Auch die Erzähltexte stehen nicht nur auf Deutsch im Buch, sondern auch in englischer Fassung – der Muttersprache des Pop. Dieser globale Blick ist heute nicht selbstverständlich, wo doch die sich selbstbewusst gebende Pop-Nation Deutschland gerade in diesem Jahr erstmals eine durchweg deutschsprachige Top Ten feiern konnte. Und während der Markt dann letztlich doch geregelt hat, was früher halbgreise Rechtsausleger per Quote ins Radio zwingen wollten, erinnern Löbbert und Lucas scheinbar naiv und zeitlos daran, was am Pop nach dem Zweiten Weltkrieg tatsächlich einmal schön, richtig und wichtig war: Sein universeller Geltungsanspruch und die Ignoranz gegenüber völkischen Befindlichkeiten.

So ist das chronologisch aufgebaute Buch zugleich eine Zeitreise durch die sich rasant ausdifferenzierende Kulturindustrie. Die spannendsten Episoden kommen am Anfang, bevor der Pop-Laden auf Linie gebracht war und Karrieren von der Castingshow bis zum B-Promi-Trashtalk klar abgesteckt wurden.

Geschichten zwischen den Zeilen

1955 war da Joan Weber, die „Let Me Go, Lover!” hochschwanger aufnimmt und, so heißt es im Buch, noch „mit Babybauch in einer TV-Show” auftritt. Doch Weber verfolgt ihre Karriere nicht weiter und stirbt mit 45 Jahren in einer Nervenklinik. Mehr erfahren wir nicht: Nächste Seite, nächstes Drama Die eigentliche Geschichte steht dann auch doch eher zwischen den Zeilen. Und sie klingt auch: Die 80 Songs lassen sich in einer eigens vom Verlag eingerichteten Online-Playlist nachhören.

Und dank Selbstvermarktung im Internet funktionieren auch one-hit wonders heute anders. Im Buch steht dafür 2010 die Abiturientin Lena Meyer-Landrut, die eigens für das Event „Eurovision Song Contest” aufgebaut wurde und nach ihrem überraschenden Sieg bereits wieder verbraucht schien.

Doch es gibt sie immer noch, die kleinen Momente, in denen Pop zu sich findet und die Musik plötzlich größer scheint als der Markt und die KünstlerInnen. Erfolg von unten, wenn man so will: Da sind die YouTube -Stars, die viral wurden, weil sie sich herumgesprochen haben. Der Koreaner „PSY” etwa 2012 mit seinem „Gangnam Style”. Oder im gleichen Jahr der „Harlem Shake”, den der 23-jährige Harry Bauer Rodrigues in seinem New Yorker Apartment aufnahm. Der hat es über enthusiastische Tanzvideos aus der ganzen Welt auf 1,2 Milliarden ZuschauerInnen gebracht, während ihn sämtliche Sendeanstalten noch hartnäckig ignorierten.

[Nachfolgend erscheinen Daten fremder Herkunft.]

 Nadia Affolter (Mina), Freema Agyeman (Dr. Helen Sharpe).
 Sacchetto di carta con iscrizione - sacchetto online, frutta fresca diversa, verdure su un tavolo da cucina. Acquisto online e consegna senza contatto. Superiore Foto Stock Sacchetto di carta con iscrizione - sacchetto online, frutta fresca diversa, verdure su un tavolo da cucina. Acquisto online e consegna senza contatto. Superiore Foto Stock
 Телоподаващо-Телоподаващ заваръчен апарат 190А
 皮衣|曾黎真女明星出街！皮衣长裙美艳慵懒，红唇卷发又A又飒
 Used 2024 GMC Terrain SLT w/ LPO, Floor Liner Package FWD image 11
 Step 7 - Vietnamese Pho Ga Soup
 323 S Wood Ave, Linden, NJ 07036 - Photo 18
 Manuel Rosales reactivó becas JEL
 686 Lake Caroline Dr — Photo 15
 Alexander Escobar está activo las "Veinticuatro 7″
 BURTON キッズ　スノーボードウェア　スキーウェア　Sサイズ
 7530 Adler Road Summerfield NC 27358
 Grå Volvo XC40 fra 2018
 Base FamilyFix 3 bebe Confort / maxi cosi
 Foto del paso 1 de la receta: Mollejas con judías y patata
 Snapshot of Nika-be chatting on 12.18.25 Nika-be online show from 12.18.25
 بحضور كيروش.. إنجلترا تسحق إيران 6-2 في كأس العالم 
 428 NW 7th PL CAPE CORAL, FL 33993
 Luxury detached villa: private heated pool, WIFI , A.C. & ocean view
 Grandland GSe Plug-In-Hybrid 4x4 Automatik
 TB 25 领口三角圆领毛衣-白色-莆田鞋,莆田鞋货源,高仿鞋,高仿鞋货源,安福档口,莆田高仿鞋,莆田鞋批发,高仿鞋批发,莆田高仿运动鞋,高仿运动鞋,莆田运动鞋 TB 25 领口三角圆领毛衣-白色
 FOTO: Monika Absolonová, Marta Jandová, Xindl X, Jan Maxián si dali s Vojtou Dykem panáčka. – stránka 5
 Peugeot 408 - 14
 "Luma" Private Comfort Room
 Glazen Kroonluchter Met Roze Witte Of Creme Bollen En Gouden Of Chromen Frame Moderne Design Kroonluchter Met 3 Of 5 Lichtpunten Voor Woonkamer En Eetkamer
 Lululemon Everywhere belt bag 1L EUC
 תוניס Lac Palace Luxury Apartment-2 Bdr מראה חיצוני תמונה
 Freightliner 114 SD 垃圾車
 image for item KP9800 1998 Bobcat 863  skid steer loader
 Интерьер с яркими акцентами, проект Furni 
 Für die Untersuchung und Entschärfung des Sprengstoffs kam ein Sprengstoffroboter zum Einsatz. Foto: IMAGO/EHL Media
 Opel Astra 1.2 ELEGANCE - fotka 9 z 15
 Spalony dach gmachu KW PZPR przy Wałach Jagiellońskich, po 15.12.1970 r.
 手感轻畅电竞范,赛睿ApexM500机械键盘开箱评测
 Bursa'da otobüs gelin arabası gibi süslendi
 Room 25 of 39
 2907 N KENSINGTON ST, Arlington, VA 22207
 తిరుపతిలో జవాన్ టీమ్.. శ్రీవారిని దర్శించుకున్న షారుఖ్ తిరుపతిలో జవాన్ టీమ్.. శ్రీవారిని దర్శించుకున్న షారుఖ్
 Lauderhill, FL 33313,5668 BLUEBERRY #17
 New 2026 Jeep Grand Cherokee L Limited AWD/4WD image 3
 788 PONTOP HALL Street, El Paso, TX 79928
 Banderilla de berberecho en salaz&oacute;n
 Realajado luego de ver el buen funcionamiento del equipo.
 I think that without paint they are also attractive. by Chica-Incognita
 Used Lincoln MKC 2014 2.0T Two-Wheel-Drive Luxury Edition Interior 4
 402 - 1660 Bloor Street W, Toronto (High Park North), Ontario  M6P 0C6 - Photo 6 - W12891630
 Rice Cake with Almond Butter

So was muss es ja auch geben, denn Pop wäre nichts ohne neue Gesichter, ohne Spontanität und eben ohne diese Ereignisse, die das Immergleiche ständig wieder als Spektakel inszenieren. Über das alles lässt sich beim Lesen trefflich nachdenken, obwohl es ausdrücklich nicht im Buch steht. Und wer darauf keine Lust hat, kann beim Blättern in Löbberts Ahnengalerie der Beinahe-Götter aus „Ice Ice Baby” zumindest einen gut aufgestellten Anekdoten-Fundus für den nächsten Small Talk in der Oldie-Disco abgreifen.